BRIEF:
Copy, exactly as written, the lines that begin at the one containing "Impression de poster" and end at the one containing "Le Chaney - Pros de la montagne". Skip any pictures in the data below.

AVAILABLE DATA:
=== Section Start ===

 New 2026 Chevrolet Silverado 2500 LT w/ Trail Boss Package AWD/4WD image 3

=== Section End ===
=== Section Start ===

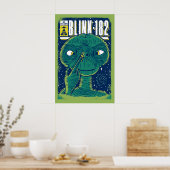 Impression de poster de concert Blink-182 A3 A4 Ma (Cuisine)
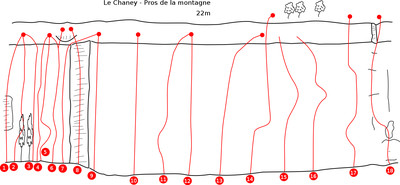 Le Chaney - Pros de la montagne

=== Section End ===
=== Section Start ===

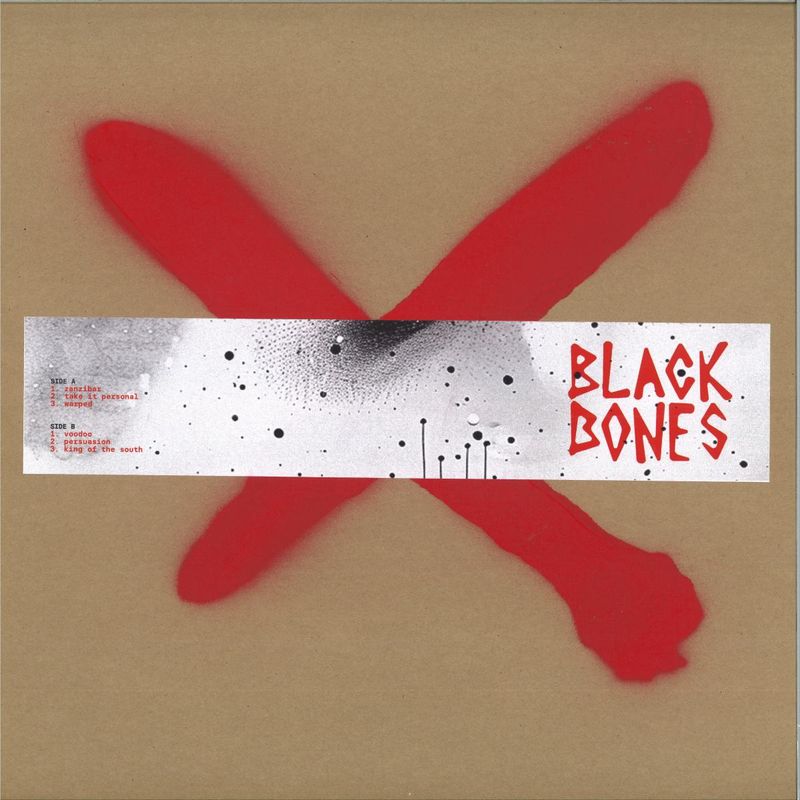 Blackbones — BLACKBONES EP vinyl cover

=== Section End ===

COMPLETED EXERCISE:
 Impression de poster de concert Blink-182 A3 A4 Ma (Cuisine)
 Le Chaney - Pros de la montagne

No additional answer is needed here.